The Parent-School Relationship
Things you should always do
- Turn up for regular meetings with the teacher. If you can't do
it, make sure your partner can (both of you should attend if
possible). Pleading that you're 'too busy' to discuss your child's
progress will be a real black mark against you.
- Always fill out all the material that comes from the school, and promptly. This may mean signing a homework diary and adding a few comments, or filling out forms for school activities, assessments etc. Lots of children are really forgetful about handing over this material, so forage in your child's bag at the end of the day to check out what needs doing.
- Always turn up for end of term concerts, school plays, carol services etc. Your child will scan the crowd anxiously for you face, and will care desperately if you don't attend - can you really live with his/her disappointment?

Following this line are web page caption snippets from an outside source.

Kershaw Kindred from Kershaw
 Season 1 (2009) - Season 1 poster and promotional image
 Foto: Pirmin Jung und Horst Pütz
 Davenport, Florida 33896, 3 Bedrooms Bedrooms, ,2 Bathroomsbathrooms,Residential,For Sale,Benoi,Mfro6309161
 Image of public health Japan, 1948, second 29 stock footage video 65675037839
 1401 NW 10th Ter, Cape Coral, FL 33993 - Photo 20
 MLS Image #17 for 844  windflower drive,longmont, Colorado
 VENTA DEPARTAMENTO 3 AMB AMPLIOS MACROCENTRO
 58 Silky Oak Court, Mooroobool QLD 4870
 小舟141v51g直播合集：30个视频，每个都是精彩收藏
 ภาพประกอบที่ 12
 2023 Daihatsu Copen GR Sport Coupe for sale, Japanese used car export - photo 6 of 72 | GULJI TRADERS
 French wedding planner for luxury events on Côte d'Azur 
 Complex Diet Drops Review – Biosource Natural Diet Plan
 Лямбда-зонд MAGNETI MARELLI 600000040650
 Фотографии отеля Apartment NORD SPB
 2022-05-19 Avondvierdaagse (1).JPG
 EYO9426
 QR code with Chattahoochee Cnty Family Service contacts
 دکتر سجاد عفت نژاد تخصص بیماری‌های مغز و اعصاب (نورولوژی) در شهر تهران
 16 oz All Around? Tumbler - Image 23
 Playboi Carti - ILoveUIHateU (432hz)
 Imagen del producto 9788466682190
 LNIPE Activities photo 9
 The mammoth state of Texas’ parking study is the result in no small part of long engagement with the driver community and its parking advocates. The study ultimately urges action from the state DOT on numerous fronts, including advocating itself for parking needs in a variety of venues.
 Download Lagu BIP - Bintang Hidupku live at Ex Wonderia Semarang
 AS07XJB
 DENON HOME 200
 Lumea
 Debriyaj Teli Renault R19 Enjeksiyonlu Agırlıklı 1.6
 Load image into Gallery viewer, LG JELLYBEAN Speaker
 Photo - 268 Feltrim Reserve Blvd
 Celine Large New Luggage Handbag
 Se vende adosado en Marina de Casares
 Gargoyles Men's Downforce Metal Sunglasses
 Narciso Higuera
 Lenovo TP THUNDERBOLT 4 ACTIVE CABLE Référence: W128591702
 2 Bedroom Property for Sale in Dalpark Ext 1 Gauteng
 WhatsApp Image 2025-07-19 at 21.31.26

Things you should try to do
- Give a little time to the school - it may be manning a stall at the school fete, putting together a newsletter in the evenings, or helping out on a school trip.
- Try your best to answer all appeals for help from the school - be it for cash contributions, food for the harvest festival, old clothes for school plays, gifts for a sister school in Africa.
- If you have enough spare time, consider joining the Parents' Association or becoming a parent-governor.
Things you should never do
- Storm into the school at the end of the day and berate your child's teacher. If you have a concern, always make an appointment. Even if you have a serious grievance, keep your language moderated and your temper in check - anger will only make people defensive…
- Embarrass your child in front of his/her fellow pupils or teacher. If, for example, you accompany your child on a school trip, always take your cue from him/her. Behaviour that is acceptable in the privacy of your own home may be absolutely mortifying in a school context.